Laissons donc le roi à son cynisme et la politique de gribouille du Makhzen à son agitation. Les enjeux et les acteurs sont ailleurs et méritent qu’on s’y arrête. L’impossibilité de l’Europe à se passer du gaz russe alimente discussions et polémiques. Les commentateurs n’ont cessé d’égrener le nom Algérie parce que l’Italie est cliente en matière de pétrole de la Russie et de l’Algérie. «Nos» commentateurs comme d’habitude se réveillent un peu tard sur le poids de l’Algérie en matière de gaz/pétrole comme ils ont découvert le poids politique de la Chine sur la guerre en Ukraine. Ils ont toujours pensé que ses intérêts économiques la rendraient plus «réaliste» sur le plan politique. Non Messieurs, il est des pays comme des hommes qui ne sacrifient pas leur sort et l’avenir, en pensant à leur petit confort, pas plus qu’ils ne cèdent aux menaces…

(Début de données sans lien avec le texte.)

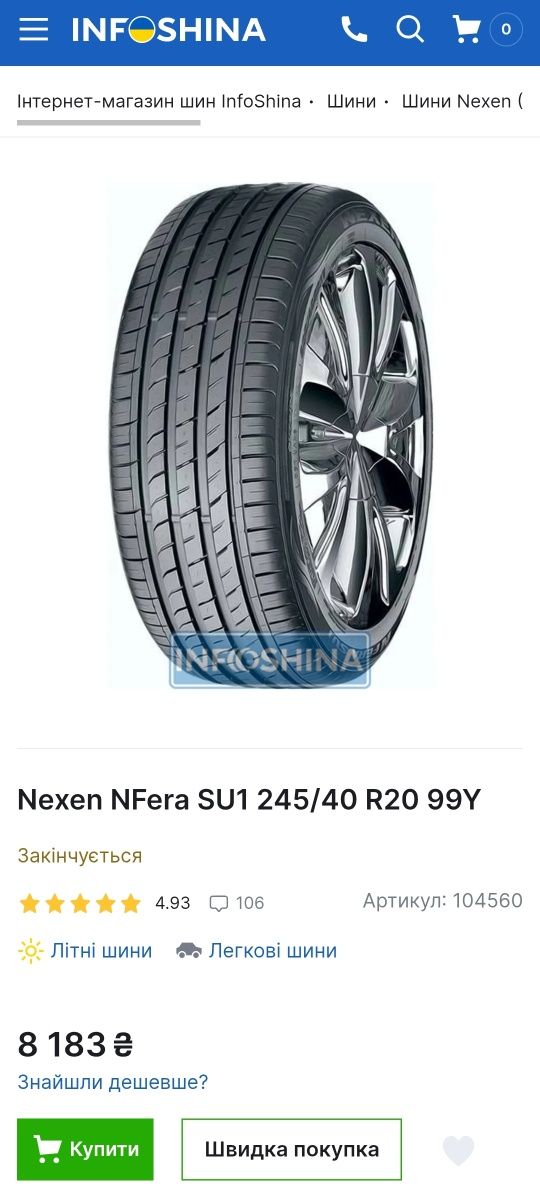 Як нові 245/40r20 Nexen | Korea | 8mm | 2022 | Премікм шини | Ідеальні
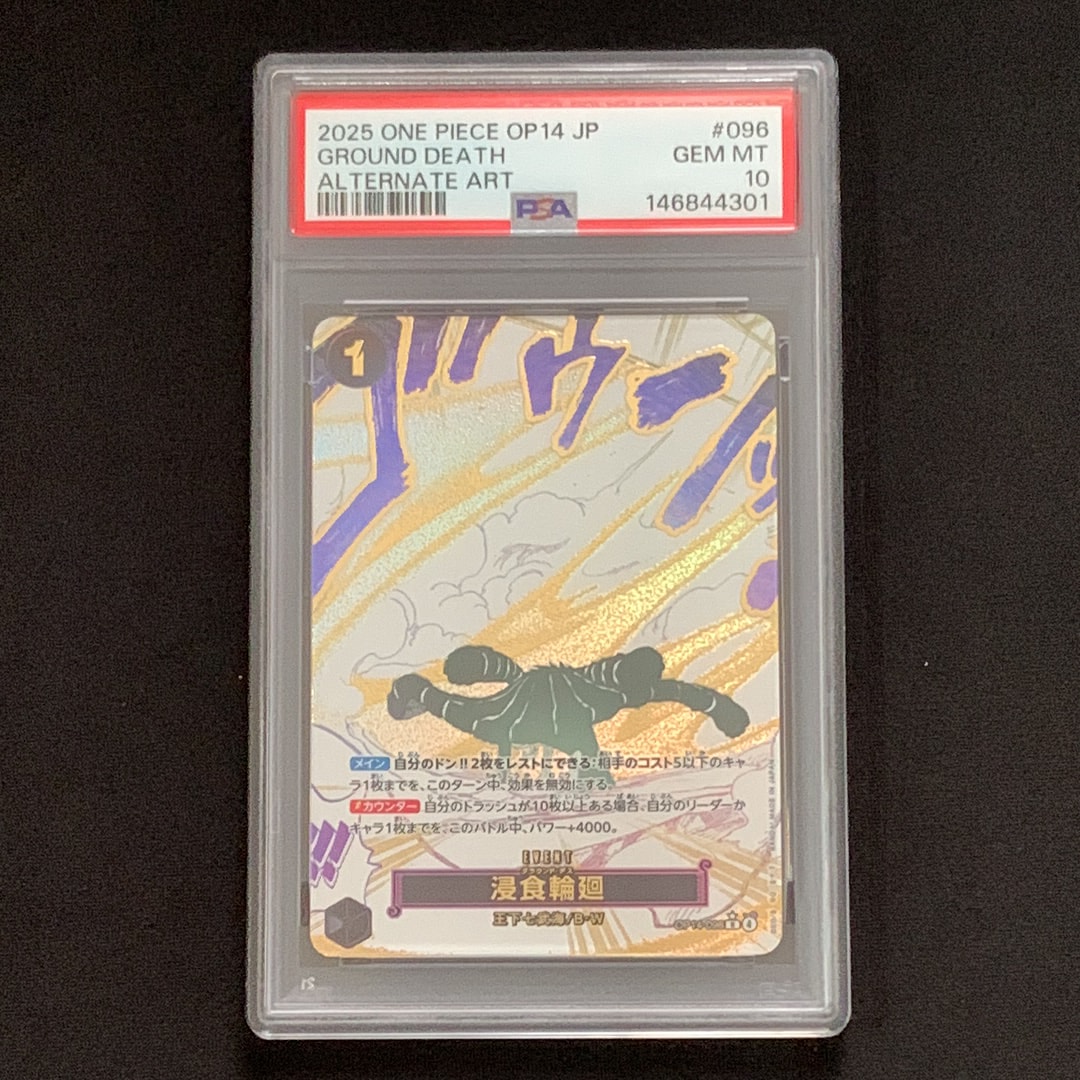 PSA10】浸食輪廻 R-P [OP14-096](ブースターパック「蒼海の七傑」) 1枚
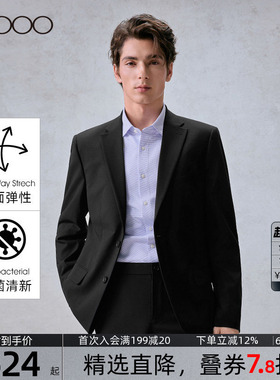 【抗菌/多面弹性/商场同款】G2000男装2026春夏商务黑色正装西服.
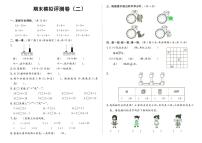 人教版一年级上册《数学》期末模拟测评卷（二）（无答案）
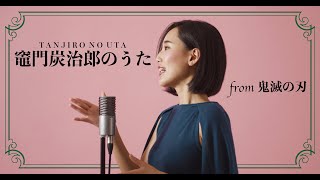 竈門炭治郎のうた/椎名豪 featuring 中川奈美 【鬼滅の刃/Demon Slayer】Cover by Hoshino Music (星乃)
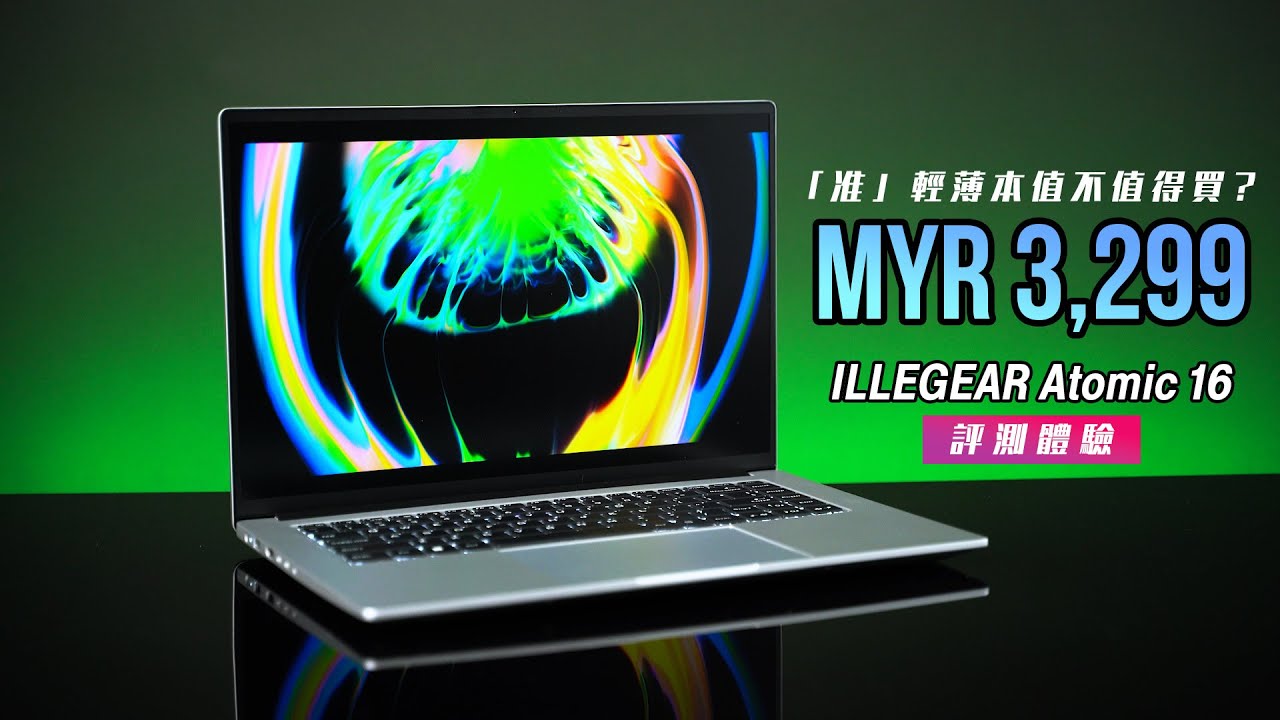  KENNY MYR 3 299 ILLEGEAR Atomic 16 YouTube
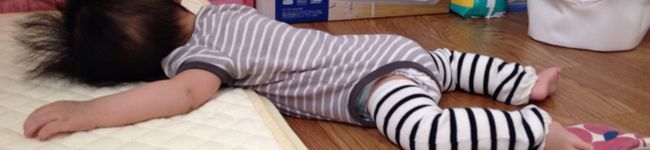 iopipi's header image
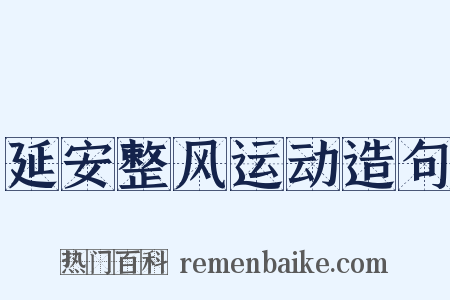 延安整风运动造句是什么意思的图片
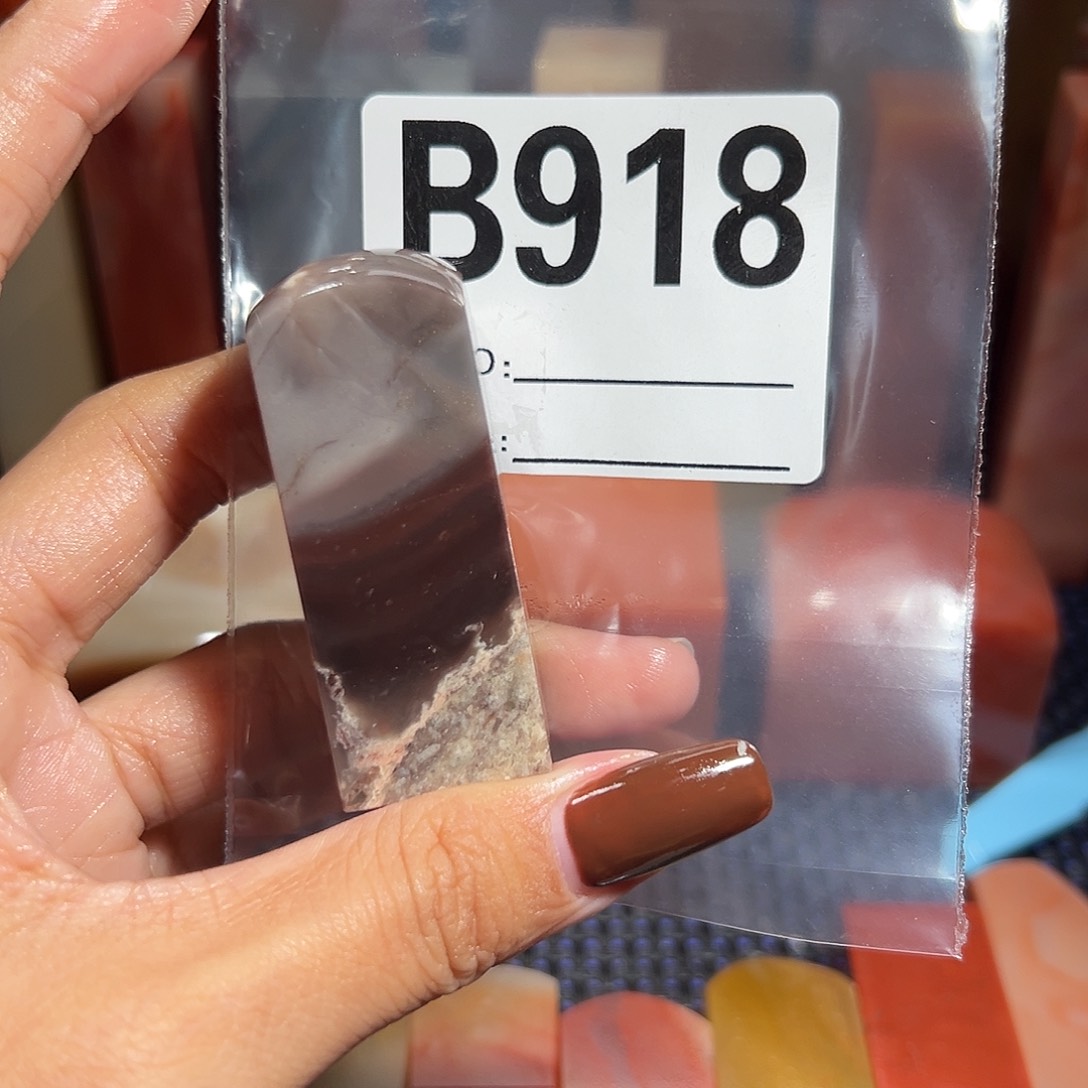 【闪购商品】寿山石印石枫**生老挝石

Les jeux des Etats-Unis et de l’Europe autour du pétrole/gaz. Les tournées des ministres américains et européens et autres rencontres au plus haut niveau comme la réunion de Versailles de l’Union européenne sous la présidence de la France, témoignent des difficultés dans lesquelles se trouve l’Occident. Celui-ci s’est mis dans une posture paradoxale. En voulant punir, il se tire une balle dans les pieds. Il est vrai qu’il a en face de lui un inhabituel adversaire qui peut répondre du tac au tac. Parallèlement à la guerre en Ukraine, l’agitation diplomatique se déroule sur le pourtour méditerranéen. Le ballet de cette agitation a été ouvert par les Etats-Unis en la personne de la sous-secrétaire d’Etat, Wendy Sherman, qui visita du 4 mars au 9 mars, la Turquie, l’Espagne, le Maroc, l’Algérie et l’Egypte. (1) On remarque que les deux premiers pays visités, Turquie et Espagne, sont membres de l’OTAN. L’un commande l’entrée et la sortie de la mer Noire, l’autre l’entrée et la sortie de la Méditerranée. Quant à l’Egypte, son canal de Suez relie les pays du Golfe à la Méditerranée.
Avec le Maroc et l’Algérie, les Etats-Unis ont de bonnes relations mais le hic, ces deux pays entretiennent une paix chaude ou une guerre froide. On remarque facilement à travers la visiteuse américaine en Méditerranée que les Etats-Unis veulent s’assurer la maîtrise de la circulation physique du pétrole qui joue le même rôle pour l’industrie que le dollar dans le système financier. Au moment où j’écris cet article, j’apprends que Antony Blinken, le secrétaire d’Etat américain en personne, va visiter, à partir de lundi 28 mars, trois pays : le Maroc, l’Algérie et Israël. On sait que sa sous-secrétaire, Wendy Sherman, n’avait pas visité Israël lors de sa visite du 4 au 9 mars. Le rapport qu’elle a fait à son supérieur a-t-il inquiété Blinken après le tollé soulevé par le Premier ministre espagnol ? Nous saurons lundi prochain si Antony Blinken est venu calmer le jeu du trio Espagne-Israël-Maroc car leurs problèmes de petites alliances à la carte peuvent attendre. On peut supposer que le déplacement de Blinken vise à éviter un dérapage en Méditerranée occidentale. Tout le monde sait que les Etats-Unis sont occupés avec des adversaires plus sérieux en Ukraine et à Vienne sur le nucléaire iranien.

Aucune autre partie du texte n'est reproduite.